Dear Rudd and Crispmuncher, I am happy to write this note about each of the changes I made, but I do not like the implication that I had any other motive, or COI, when it comes to the getting the facts right and making the story interesting. I would like to appeal that this discussion is not a COI and should be retitled as History, I have just been trying to make the core memory history entry correct, especially since I was on the Wang Institute Board of directors and knew An Wang and have known Forrester for 50 years. Some issues I’ve tried to clarify the Core Memory history section. From the 3 patents, I have the utmost respect for Viehe and his clever circuitry and later work on core memory manufacture, but long after the core memory was invented. This is just background that I know or have known 3 of those mentioned, including Ken Olsen cited in a patent...he was my boss when I headed R&D at Digital Equipment Corp. Each suggested change is backed with citation and I don't think there are any loaded words or unsubstantiated statements e.g. Forrester learned from Wang.

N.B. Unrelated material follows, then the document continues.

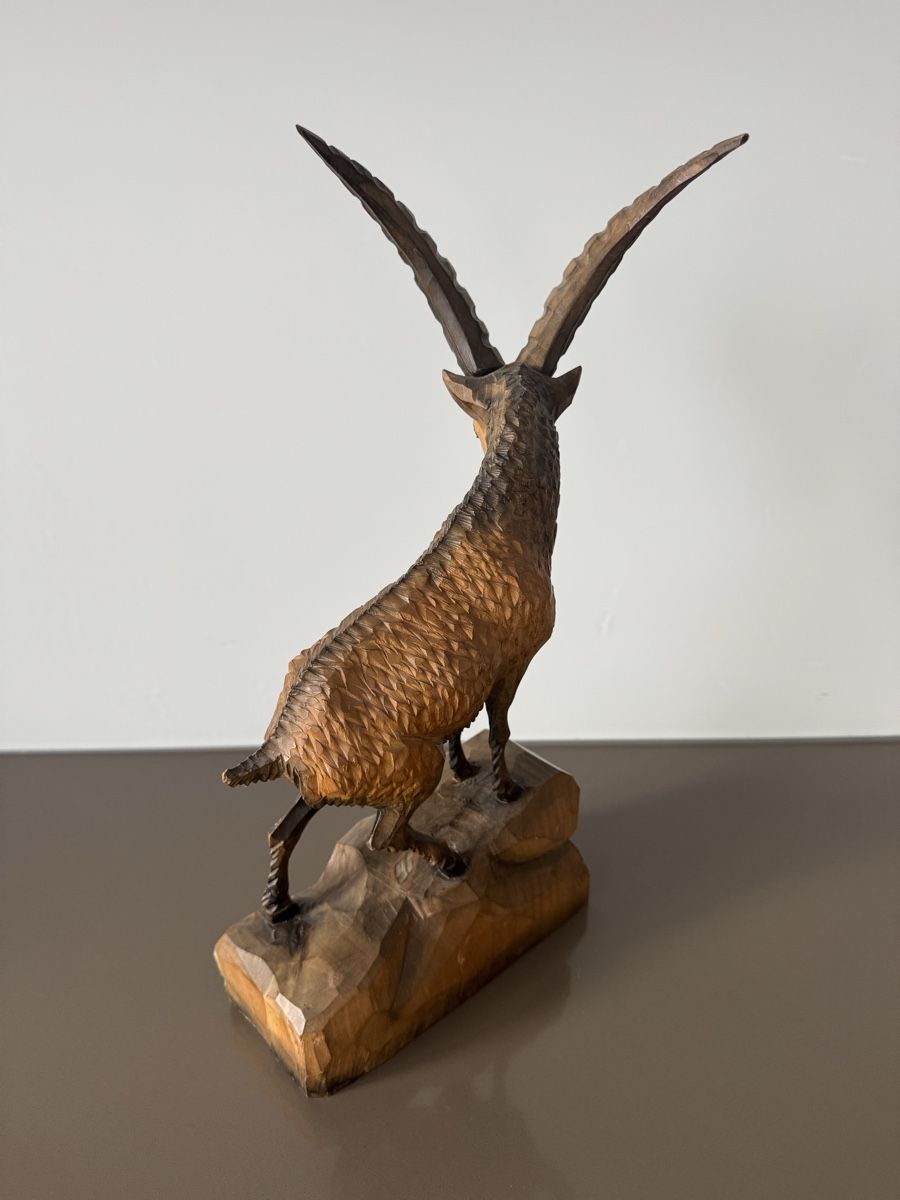 Skulpturen & Statuen: Holz-Steinbock, geschnitzt, Dekoration, neuwertig – Neu (gemäss Beschreibung) aus Ibach von jansim 2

- Please note that the topic, Magnetic Core Memory is stated in the first sentence. Neither Viehe or Wang are relevant unless cited links can be shown! I have no problem that they are included, but with clarity as to what they did even though I BELIEVE IT LACKS RELEVANCE TO THE TOPIC.

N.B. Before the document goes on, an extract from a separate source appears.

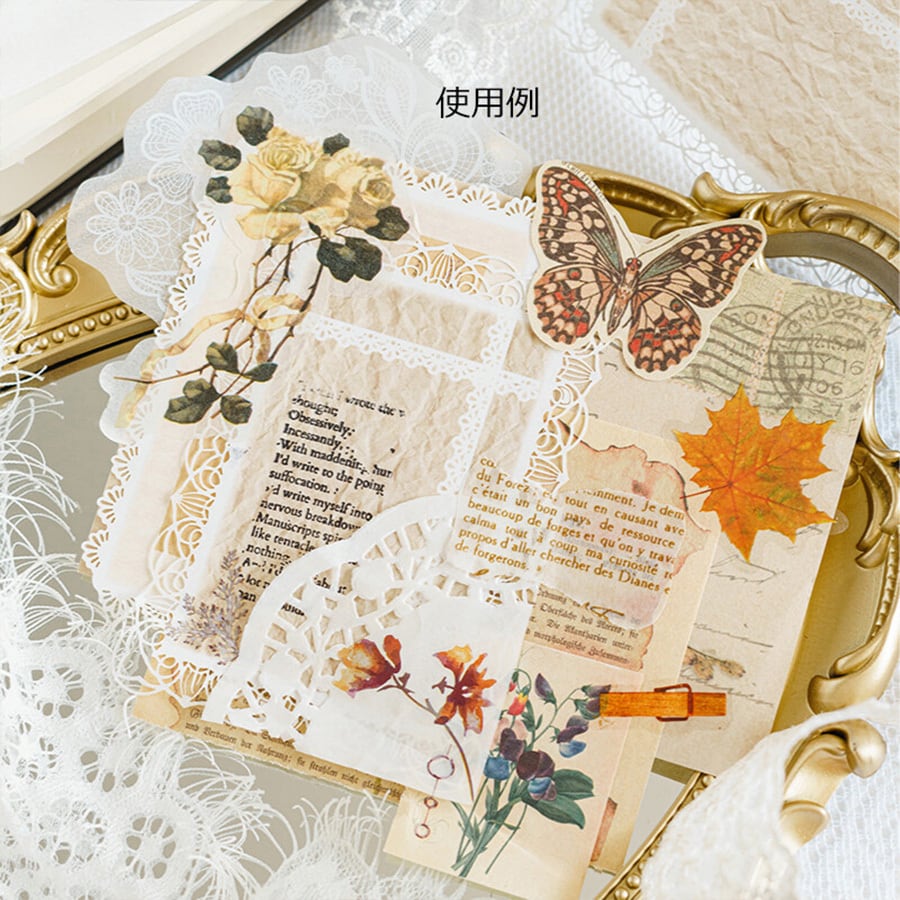 ダイカットペーパー レース デザインペーパー メモ メッセージ紙 10枚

- Magnetic-core memory is an early form of random-access computer memory.
- E.g. the statement of “Wang patenting while Woo is ill” just has to be cited, and if such it does cast a light on An. It is by implication a nice attack on the integrity of Wang. But mostly I really want the history to be correct including having the citation especially the ad hominems.
- No attack on Viehe (I don't do that… and why I would like this attack on my own integrity to be relabeled as a discussion of the Core Memory History section) and why I listed his 3 relevant patents: the first two were on using core's for digital systems design and the later one for manufacturing. The patent titles tell the story. There was a short era, Magnetic Era, in the 50s that was AR (after relays) and BT, BC (before transistorized logic and before computers) that traffic controllers and other complex systems were built in a hard wired fashion. (Our DEC PDP-8 ended this by 1965 when complex systems were built from computers. SRI patented some of this technology and a computer was constructed using cores as the logic elements also SRI lists several impressive systems built using their core logic. See http://www.sri.com/about/timeline/allmagnetic-logic.html and listen to http://data.computerhistory.org/dspicer/crypt/Hew_Crane_SRI_Mag_Logic_Computer/hew_crane_10_22_2004_ds.mp3 I did not add or subtract any notion of causality re Viehe re the Core Memory. I believe there is none, but I wouldn’t dare tackle this. I do believe the article must somehow separate the use of core for storing a 3d array of bits and cores used for constructing logic i.e.. using “ands” and “ors”.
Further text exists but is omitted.